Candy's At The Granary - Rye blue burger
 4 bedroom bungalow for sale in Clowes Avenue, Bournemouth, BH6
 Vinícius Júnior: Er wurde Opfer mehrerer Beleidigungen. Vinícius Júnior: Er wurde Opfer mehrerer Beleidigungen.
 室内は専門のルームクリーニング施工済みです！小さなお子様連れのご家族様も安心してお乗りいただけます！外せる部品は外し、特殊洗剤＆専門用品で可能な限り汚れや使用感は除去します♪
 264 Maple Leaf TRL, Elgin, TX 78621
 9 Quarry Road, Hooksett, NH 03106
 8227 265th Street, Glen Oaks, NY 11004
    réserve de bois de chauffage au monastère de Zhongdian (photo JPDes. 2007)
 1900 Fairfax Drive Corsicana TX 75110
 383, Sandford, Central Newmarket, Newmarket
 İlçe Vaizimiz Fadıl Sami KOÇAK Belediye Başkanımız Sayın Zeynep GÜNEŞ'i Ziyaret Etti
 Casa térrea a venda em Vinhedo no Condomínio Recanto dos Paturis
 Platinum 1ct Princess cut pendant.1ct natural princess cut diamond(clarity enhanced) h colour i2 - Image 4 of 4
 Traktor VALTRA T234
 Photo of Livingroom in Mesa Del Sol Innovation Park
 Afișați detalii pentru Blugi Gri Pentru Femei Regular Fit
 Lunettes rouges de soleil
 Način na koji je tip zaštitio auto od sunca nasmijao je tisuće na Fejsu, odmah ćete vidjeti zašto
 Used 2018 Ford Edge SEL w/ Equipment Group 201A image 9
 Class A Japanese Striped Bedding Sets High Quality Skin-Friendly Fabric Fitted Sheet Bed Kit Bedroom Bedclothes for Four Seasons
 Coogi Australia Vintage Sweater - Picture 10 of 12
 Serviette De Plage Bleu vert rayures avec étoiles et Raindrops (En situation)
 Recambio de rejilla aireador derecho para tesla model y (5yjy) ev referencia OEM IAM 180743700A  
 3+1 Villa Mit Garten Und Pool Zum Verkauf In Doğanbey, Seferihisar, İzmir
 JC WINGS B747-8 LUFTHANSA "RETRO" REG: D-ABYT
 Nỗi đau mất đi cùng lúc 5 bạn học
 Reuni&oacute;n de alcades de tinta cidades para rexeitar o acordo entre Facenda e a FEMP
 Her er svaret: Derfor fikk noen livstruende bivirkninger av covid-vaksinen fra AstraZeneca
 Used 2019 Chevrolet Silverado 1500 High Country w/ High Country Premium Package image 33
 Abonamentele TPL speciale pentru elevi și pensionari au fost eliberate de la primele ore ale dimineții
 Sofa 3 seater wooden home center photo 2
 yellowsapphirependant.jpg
========================================================================
* [WHAT IS BEING ASKED]:
Copy out every line of the data in which the word "pentru" is found.

* [FINISHED EXERCISE]:
 Afișați detalii pentru Blugi Gri Pentru Femei Regular Fit
 Abonamentele TPL speciale pentru elevi și pensionari au fost eliberate de la primele ore ale dimineții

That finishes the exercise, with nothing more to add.